• [TASK ITEM] Before copying, find the line below that contains "Trépied pour niveau"; then return it and all later lines exactly, up to and including the final line, with no pictures.

═══ INPUT MATERIAL ═══

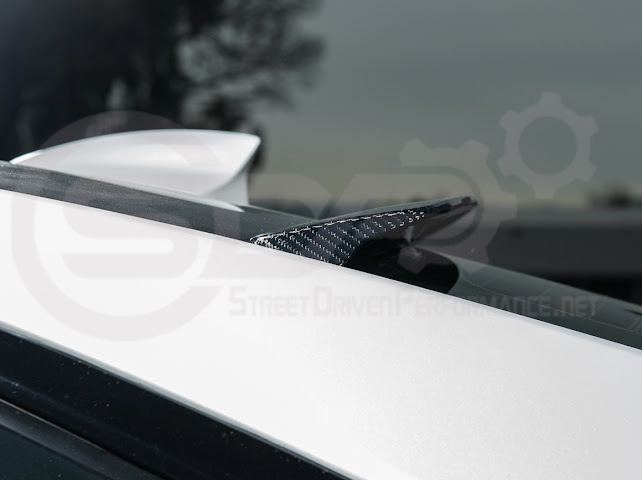 2013-2018 Cadillac ATS ATS-V Coupe | Carbon Fiber Rear Roof Top Window Spoiler Wing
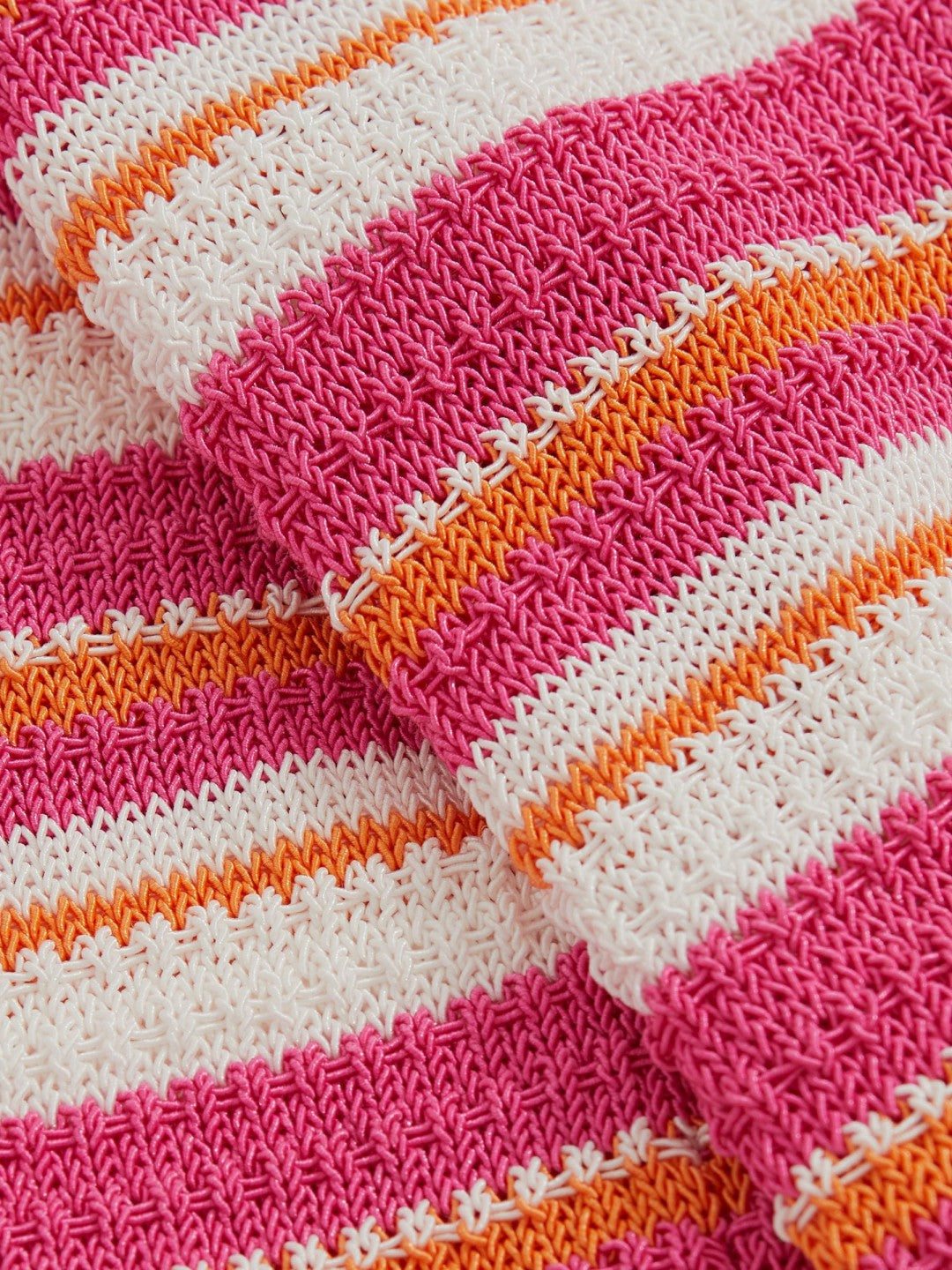 Reiss 13-14 yrs SmileyWorld Stripe Knit Trousers in Pink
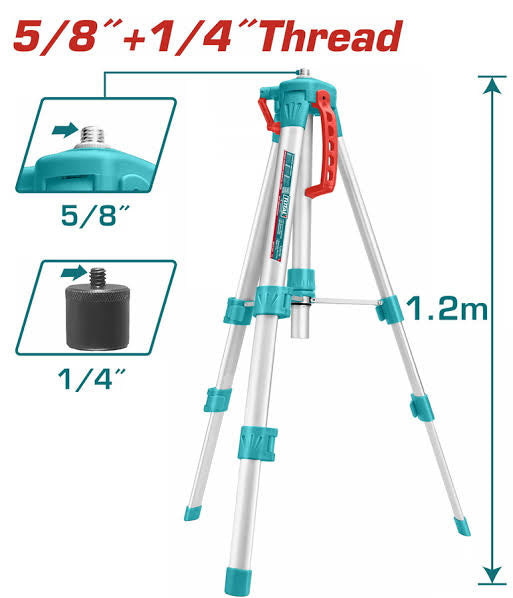 Trépied pour niveau laser 5/8" 1/4"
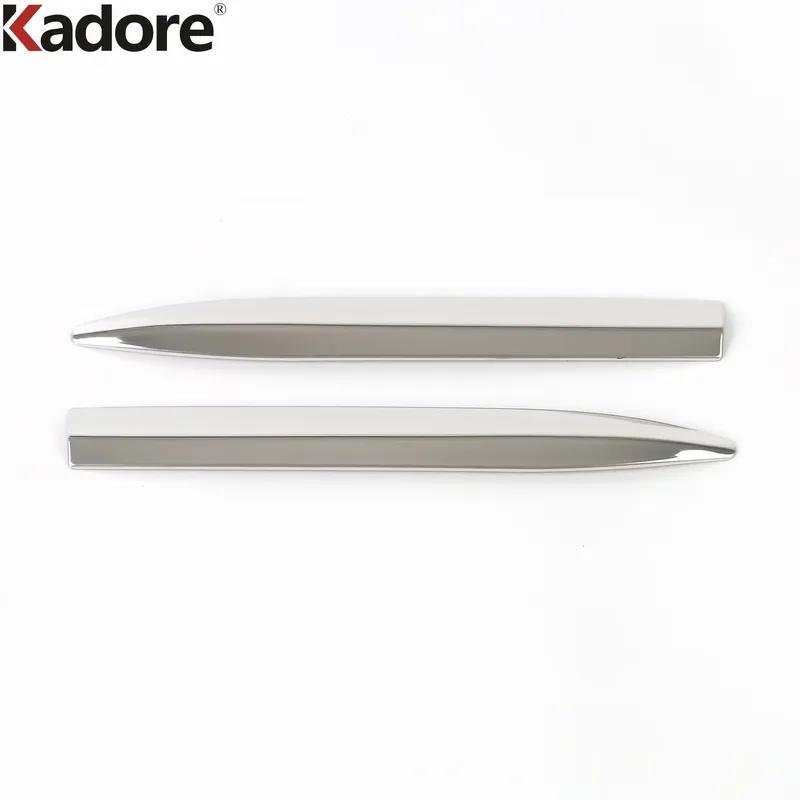 Front Rear Bumper Corner Cover Trim For Honda CRV CR-V  2024 Stainless Steel Car Protecter Molding Garnish Strip Accessories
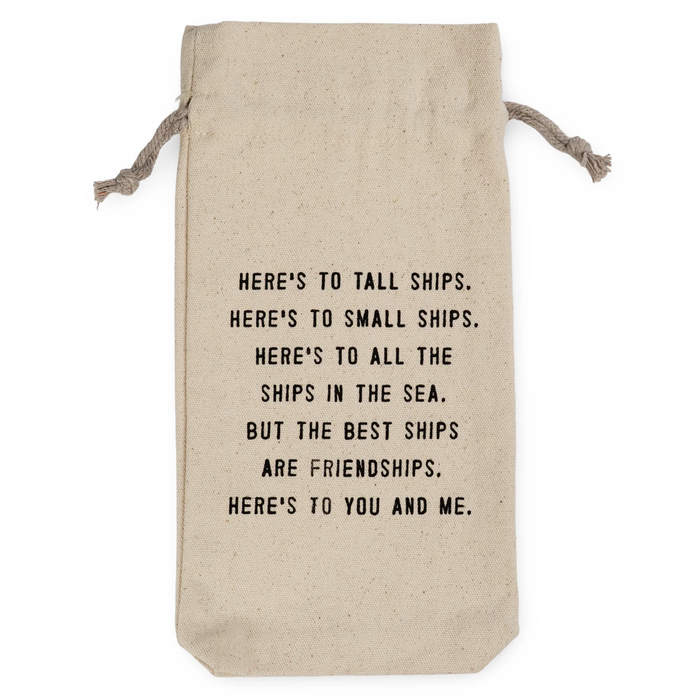Tall Ships, Friendships Wine Bag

═══

• [RESULT OF THIS TASK]
 Trépied pour niveau laser 5/8" 1/4"
 Front Rear Bumper Corner Cover Trim For Honda CRV CR-V  2024 Stainless Steel Car Protecter Molding Garnish Strip Accessories
Tall Ships, Friendships Wine Bag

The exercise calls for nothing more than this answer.